Jay-Z Album Leaks On MySpace, Universal Files Lawsuit Against News Corp.

Universal Music Group, the parent company of Island Def Jam, filed a lawsuit against MySpace.com’s corporate parent News Corp. on Friday (Nov. 17), claiming the popular Internet site is guilty of copyright infringement. UMG, the world’s largest label, filed the lawsuit in U.S. District Court for California’s Central District, after Jay-Z’s highly anticipated come back […]

Universal Music Group, the parent company of Island Def Jam, filed a lawsuit against MySpace.com’s corporate parent News Corp. on Friday (Nov. 17), claiming the popular Internet site is guilty of copyright infringement.
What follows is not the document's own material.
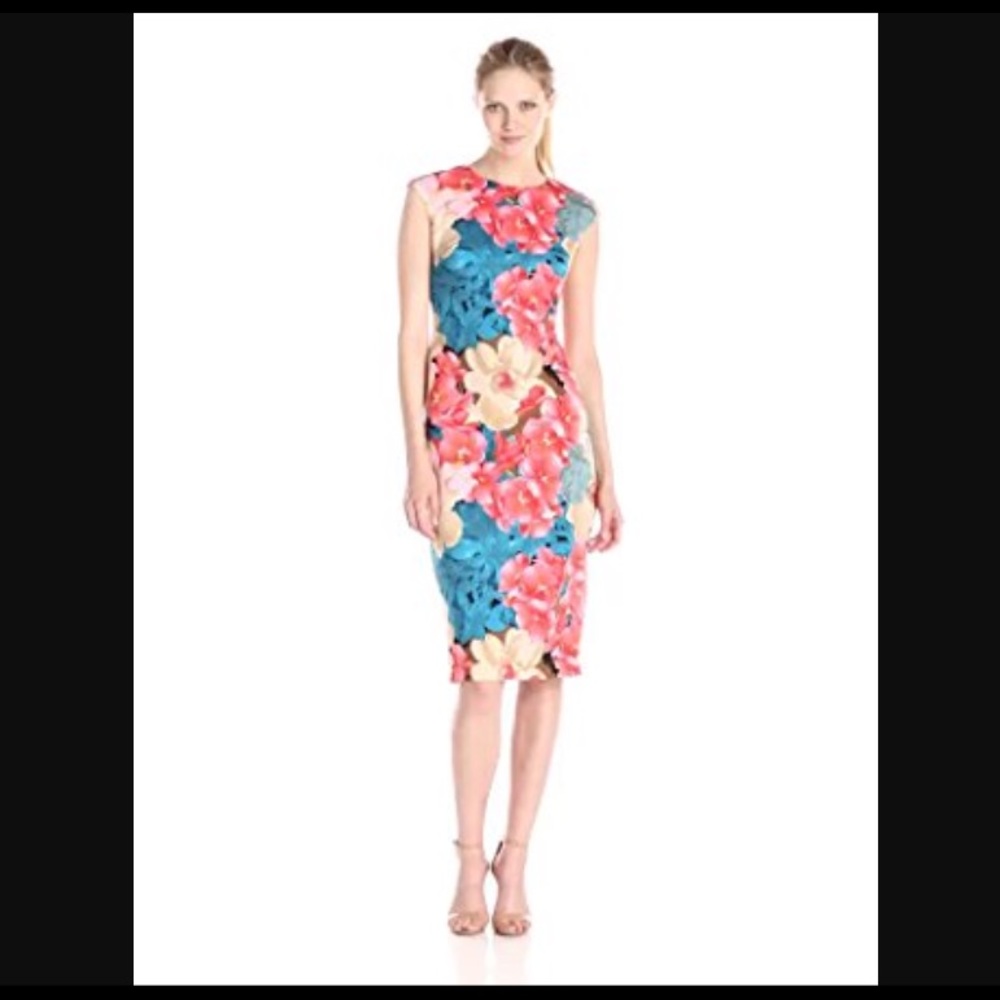 NWT Maggy London Summer Rose Sheath Dress 0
UMG, the world’s largest label, filed the lawsuit in U.S. District Court for California’s Central District, after Jay-Z’s highly anticipated come back album Kingdom Come was leaked on MySpace.com.

The entire album hit the Internet last week and has been traded en masse across the Internet and heavily bootlegged around the country.

“I’m sure it’s cut into our sales, and not by a small amount,” Antonio’ “LA” Reid told The Wall Street Journal. “Even if it [sells] a million units it’s not what it should have been.”

UMG and MySpace had been negotiating a deal that called for News Corp. to pay a licensing fee for Universal content.

The deal stalled when UMG requested that News Corp. also pay restitution for content that had previously appeared on MySpace.

MySpace is in the process of testing digital rights management software to report and remove files that infringe on an owners copyright.

“Notwithstanding MySpace’s frank admission that it is ‘unable,’ i.e., prohibited by law, from offering its music and video services without first obtaining the permission of the copyright owner, MySpace has knowing and intentionally operated its business on the fiction that it has obtained the licenses it needs to exist from members that MySpace well knows are not the true copyright owners,” the suit stated.

UMG seeks $150,000 in damages for each 58 songs and videos MySpace allegedly infringed upon.

MySpace.com representatives were confident that they would “prevail in court.”